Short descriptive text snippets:
/---
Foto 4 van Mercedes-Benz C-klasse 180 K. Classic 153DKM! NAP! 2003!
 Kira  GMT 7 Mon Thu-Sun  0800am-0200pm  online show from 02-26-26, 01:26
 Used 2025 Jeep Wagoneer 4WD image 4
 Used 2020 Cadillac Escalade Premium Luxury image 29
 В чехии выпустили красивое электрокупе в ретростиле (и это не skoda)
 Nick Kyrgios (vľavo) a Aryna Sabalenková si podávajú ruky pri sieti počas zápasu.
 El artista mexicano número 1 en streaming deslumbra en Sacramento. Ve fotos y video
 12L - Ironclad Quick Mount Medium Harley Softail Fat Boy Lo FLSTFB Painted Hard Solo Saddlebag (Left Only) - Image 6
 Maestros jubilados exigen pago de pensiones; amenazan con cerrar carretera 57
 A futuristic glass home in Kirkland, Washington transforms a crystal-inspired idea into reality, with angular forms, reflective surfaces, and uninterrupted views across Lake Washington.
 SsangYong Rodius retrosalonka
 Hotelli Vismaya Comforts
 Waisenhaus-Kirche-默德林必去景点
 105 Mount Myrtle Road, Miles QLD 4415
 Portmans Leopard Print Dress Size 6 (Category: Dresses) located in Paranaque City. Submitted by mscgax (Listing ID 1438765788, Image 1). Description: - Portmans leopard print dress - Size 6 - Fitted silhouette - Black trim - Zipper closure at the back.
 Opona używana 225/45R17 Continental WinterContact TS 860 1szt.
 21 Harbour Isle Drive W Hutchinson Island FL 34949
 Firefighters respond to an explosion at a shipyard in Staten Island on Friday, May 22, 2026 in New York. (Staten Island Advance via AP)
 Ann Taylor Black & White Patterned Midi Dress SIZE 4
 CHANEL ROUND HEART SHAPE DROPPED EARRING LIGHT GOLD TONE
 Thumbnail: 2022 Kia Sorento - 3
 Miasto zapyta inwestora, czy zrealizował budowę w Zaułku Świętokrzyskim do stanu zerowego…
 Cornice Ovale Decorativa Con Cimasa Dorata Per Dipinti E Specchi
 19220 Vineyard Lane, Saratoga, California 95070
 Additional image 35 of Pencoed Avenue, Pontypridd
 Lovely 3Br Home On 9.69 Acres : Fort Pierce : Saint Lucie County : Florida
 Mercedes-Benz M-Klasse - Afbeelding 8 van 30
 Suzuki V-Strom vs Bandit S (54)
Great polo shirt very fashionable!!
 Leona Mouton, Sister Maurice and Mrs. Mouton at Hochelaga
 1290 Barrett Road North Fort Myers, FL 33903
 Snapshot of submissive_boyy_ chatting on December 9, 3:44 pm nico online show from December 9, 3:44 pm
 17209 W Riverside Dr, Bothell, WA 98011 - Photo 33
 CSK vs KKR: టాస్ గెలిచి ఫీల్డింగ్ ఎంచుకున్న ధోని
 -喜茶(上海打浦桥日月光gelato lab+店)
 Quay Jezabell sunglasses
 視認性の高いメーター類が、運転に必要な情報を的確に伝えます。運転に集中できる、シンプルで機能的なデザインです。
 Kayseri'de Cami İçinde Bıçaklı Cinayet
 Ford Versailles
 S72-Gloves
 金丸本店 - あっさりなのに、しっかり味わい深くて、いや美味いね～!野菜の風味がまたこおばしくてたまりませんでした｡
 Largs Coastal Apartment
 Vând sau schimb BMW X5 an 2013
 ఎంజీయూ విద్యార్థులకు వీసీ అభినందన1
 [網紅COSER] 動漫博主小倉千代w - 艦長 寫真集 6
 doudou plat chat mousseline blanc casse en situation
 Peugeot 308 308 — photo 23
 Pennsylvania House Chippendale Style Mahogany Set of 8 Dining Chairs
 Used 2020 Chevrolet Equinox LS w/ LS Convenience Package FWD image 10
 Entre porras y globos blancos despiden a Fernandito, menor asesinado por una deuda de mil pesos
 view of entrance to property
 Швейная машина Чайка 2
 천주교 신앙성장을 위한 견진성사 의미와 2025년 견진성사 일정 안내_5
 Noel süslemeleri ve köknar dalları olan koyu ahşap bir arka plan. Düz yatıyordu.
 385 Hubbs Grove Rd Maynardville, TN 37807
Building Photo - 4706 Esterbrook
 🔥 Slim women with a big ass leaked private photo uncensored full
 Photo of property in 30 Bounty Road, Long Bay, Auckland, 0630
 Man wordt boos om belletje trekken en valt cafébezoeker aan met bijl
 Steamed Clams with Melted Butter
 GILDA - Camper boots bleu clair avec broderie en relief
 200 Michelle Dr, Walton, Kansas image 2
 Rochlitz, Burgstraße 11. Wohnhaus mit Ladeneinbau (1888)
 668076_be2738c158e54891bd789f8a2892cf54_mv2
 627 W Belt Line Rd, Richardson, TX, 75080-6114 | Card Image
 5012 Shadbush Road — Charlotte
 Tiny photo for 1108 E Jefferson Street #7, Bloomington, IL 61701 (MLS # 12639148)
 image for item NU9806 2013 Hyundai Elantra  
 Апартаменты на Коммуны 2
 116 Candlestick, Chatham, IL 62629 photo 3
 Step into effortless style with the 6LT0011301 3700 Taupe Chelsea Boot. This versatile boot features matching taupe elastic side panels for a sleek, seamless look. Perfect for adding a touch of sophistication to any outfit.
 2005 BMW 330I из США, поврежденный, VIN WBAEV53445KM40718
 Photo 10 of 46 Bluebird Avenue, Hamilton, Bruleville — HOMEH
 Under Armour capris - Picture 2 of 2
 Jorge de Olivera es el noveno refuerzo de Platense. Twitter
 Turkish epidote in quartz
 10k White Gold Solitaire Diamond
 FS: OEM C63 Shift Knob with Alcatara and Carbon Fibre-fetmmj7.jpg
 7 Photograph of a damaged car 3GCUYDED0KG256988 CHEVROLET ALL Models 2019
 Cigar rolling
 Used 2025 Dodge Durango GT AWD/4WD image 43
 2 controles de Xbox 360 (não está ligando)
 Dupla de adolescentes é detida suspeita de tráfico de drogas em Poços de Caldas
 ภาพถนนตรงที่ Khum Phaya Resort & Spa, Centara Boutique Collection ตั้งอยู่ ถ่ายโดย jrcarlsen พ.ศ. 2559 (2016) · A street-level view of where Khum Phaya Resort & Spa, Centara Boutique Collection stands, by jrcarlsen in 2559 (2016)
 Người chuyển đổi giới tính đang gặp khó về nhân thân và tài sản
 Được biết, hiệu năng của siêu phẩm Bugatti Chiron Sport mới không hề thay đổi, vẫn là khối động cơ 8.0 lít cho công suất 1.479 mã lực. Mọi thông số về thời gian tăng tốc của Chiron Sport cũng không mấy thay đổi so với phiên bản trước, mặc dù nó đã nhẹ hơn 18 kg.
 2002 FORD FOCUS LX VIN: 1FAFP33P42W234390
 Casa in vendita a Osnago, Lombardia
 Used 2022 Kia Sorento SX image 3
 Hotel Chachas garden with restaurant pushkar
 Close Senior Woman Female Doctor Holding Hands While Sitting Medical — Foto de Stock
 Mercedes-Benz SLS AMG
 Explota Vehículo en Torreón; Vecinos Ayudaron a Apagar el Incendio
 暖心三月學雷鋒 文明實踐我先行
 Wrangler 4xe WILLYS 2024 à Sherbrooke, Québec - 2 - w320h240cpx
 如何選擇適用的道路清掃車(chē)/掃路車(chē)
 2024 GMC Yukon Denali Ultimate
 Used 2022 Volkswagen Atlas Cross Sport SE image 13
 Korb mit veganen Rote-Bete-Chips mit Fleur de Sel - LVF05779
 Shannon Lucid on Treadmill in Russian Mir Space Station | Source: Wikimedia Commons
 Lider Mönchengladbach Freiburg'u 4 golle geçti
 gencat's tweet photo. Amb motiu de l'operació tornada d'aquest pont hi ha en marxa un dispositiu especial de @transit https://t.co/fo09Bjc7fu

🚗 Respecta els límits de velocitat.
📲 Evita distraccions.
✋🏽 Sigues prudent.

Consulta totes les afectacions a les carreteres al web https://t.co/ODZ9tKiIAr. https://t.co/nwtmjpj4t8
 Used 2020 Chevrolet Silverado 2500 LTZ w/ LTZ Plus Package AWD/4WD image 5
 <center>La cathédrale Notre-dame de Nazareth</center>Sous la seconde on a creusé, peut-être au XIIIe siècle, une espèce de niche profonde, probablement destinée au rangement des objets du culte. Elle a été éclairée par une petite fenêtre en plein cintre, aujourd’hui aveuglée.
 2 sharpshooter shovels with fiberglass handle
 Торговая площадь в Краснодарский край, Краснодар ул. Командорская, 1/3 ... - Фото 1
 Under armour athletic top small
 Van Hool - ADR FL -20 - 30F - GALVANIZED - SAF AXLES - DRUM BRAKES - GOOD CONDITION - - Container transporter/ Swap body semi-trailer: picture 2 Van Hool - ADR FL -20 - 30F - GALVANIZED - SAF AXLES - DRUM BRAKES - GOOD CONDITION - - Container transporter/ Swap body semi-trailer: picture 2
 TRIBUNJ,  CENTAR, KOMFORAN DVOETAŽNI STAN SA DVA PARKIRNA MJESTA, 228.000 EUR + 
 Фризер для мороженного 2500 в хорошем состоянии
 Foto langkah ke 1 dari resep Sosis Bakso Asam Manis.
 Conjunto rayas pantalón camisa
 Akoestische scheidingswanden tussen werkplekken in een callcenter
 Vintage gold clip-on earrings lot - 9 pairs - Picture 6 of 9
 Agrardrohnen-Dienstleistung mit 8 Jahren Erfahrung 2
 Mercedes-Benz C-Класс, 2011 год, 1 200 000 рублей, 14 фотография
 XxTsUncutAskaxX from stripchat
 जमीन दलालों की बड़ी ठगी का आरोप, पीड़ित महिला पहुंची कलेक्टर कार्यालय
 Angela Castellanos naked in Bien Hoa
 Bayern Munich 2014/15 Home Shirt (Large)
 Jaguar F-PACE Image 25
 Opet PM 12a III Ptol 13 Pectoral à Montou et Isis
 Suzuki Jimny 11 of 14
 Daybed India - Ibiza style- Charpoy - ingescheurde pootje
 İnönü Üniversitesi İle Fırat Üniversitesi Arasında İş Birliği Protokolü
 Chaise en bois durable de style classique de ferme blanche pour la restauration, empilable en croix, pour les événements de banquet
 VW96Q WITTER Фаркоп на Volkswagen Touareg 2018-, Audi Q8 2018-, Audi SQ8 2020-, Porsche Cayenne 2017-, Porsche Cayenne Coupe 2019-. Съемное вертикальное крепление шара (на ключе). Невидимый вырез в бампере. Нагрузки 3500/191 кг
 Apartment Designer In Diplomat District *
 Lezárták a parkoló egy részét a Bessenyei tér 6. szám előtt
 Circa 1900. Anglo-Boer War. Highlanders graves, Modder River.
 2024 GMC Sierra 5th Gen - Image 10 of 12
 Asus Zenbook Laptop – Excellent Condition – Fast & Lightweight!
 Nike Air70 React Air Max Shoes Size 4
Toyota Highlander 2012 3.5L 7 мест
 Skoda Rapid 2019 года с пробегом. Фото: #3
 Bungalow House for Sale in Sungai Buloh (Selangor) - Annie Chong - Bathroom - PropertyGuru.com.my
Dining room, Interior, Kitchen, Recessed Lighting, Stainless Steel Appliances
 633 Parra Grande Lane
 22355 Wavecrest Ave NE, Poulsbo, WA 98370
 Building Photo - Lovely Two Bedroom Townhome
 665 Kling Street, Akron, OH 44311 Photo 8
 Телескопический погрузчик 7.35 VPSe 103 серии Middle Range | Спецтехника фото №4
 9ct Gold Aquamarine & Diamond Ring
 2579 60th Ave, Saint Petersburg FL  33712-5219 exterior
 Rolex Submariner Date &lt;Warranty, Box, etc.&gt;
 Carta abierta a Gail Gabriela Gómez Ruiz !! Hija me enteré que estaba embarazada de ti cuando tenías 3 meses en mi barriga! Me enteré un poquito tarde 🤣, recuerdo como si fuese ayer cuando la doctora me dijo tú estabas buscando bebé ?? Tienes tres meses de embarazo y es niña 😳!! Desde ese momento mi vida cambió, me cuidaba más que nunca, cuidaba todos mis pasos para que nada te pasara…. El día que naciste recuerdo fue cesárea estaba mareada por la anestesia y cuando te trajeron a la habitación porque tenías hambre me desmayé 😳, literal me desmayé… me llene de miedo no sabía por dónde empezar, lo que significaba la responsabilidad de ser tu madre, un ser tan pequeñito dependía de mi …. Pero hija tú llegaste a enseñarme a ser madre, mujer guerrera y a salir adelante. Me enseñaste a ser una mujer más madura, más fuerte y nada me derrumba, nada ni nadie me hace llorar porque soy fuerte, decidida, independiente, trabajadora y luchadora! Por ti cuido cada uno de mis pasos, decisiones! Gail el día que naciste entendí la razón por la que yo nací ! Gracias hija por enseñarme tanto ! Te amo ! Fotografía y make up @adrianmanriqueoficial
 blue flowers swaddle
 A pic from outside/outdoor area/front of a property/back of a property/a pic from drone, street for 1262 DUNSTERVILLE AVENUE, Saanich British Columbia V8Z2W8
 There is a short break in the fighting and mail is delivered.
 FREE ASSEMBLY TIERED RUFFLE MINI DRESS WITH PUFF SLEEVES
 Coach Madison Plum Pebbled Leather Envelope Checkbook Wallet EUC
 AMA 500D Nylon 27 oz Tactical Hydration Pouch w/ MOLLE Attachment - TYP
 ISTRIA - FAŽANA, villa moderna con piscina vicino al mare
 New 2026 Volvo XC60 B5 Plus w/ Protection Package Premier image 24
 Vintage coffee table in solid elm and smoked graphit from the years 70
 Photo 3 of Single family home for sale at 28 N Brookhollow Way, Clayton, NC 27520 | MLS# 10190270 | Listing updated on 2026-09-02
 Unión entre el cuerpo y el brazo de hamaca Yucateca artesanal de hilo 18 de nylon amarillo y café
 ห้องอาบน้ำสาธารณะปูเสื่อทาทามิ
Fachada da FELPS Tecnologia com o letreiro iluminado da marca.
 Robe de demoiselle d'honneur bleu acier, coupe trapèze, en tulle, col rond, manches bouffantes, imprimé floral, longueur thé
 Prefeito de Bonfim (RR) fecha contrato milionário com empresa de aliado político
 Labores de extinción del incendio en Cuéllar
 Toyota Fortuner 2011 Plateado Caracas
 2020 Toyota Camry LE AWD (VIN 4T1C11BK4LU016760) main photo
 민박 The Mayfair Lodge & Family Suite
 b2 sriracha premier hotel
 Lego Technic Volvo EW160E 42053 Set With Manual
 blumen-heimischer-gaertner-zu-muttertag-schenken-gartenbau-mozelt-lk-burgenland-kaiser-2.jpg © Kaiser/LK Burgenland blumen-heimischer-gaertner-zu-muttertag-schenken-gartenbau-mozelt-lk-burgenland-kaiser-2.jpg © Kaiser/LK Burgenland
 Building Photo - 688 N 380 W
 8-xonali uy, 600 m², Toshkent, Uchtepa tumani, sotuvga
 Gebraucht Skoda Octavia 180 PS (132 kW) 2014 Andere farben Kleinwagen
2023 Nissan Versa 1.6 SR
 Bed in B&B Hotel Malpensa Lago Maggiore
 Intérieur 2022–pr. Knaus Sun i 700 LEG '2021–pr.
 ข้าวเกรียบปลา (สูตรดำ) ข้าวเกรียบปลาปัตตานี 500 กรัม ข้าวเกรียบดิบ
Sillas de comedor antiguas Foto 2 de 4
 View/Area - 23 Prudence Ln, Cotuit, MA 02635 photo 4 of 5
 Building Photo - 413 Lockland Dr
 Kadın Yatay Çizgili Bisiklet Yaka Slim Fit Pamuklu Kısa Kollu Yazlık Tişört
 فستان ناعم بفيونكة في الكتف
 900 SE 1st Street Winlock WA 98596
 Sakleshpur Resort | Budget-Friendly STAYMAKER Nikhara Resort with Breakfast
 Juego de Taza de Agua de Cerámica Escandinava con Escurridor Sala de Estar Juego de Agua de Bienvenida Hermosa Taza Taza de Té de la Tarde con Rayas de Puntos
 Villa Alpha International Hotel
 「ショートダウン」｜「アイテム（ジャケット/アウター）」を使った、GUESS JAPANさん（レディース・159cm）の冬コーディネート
\---
Your instructions: Output the lines above exactly, but only those between the line holding "New 2026 Volvo" and the line holding "Sakleshpur Resort |", inclusive.

Written answer:
 New 2026 Volvo XC60 B5 Plus w/ Protection Package Premier image 24
 Vintage coffee table in solid elm and smoked graphit from the years 70
 Photo 3 of Single family home for sale at 28 N Brookhollow Way, Clayton, NC 27520 | MLS# 10190270 | Listing updated on 2026-09-02
 Unión entre el cuerpo y el brazo de hamaca Yucateca artesanal de hilo 18 de nylon amarillo y café
 ห้องอาบน้ำสาธารณะปูเสื่อทาทามิ
Fachada da FELPS Tecnologia com o letreiro iluminado da marca.
 Robe de demoiselle d'honneur bleu acier, coupe trapèze, en tulle, col rond, manches bouffantes, imprimé floral, longueur thé
 Prefeito de Bonfim (RR) fecha contrato milionário com empresa de aliado político
 Labores de extinción del incendio en Cuéllar
 Toyota Fortuner 2011 Plateado Caracas
 2020 Toyota Camry LE AWD (VIN 4T1C11BK4LU016760) main photo
 민박 The Mayfair Lodge & Family Suite
 b2 sriracha premier hotel
 Lego Technic Volvo EW160E 42053 Set With Manual
 blumen-heimischer-gaertner-zu-muttertag-schenken-gartenbau-mozelt-lk-burgenland-kaiser-2.jpg © Kaiser/LK Burgenland blumen-heimischer-gaertner-zu-muttertag-schenken-gartenbau-mozelt-lk-burgenland-kaiser-2.jpg © Kaiser/LK Burgenland
 Building Photo - 688 N 380 W
 8-xonali uy, 600 m², Toshkent, Uchtepa tumani, sotuvga
 Gebraucht Skoda Octavia 180 PS (132 kW) 2014 Andere farben Kleinwagen
2023 Nissan Versa 1.6 SR
 Bed in B&B Hotel Malpensa Lago Maggiore
 Intérieur 2022–pr. Knaus Sun i 700 LEG '2021–pr.
 ข้าวเกรียบปลา (สูตรดำ) ข้าวเกรียบปลาปัตตานี 500 กรัม ข้าวเกรียบดิบ
Sillas de comedor antiguas Foto 2 de 4
 View/Area - 23 Prudence Ln, Cotuit, MA 02635 photo 4 of 5
 Building Photo - 413 Lockland Dr
 Kadın Yatay Çizgili Bisiklet Yaka Slim Fit Pamuklu Kısa Kollu Yazlık Tişört
 فستان ناعم بفيونكة في الكتف
 900 SE 1st Street Winlock WA 98596
 Sakleshpur Resort | Budget-Friendly STAYMAKER Nikhara Resort with Breakfast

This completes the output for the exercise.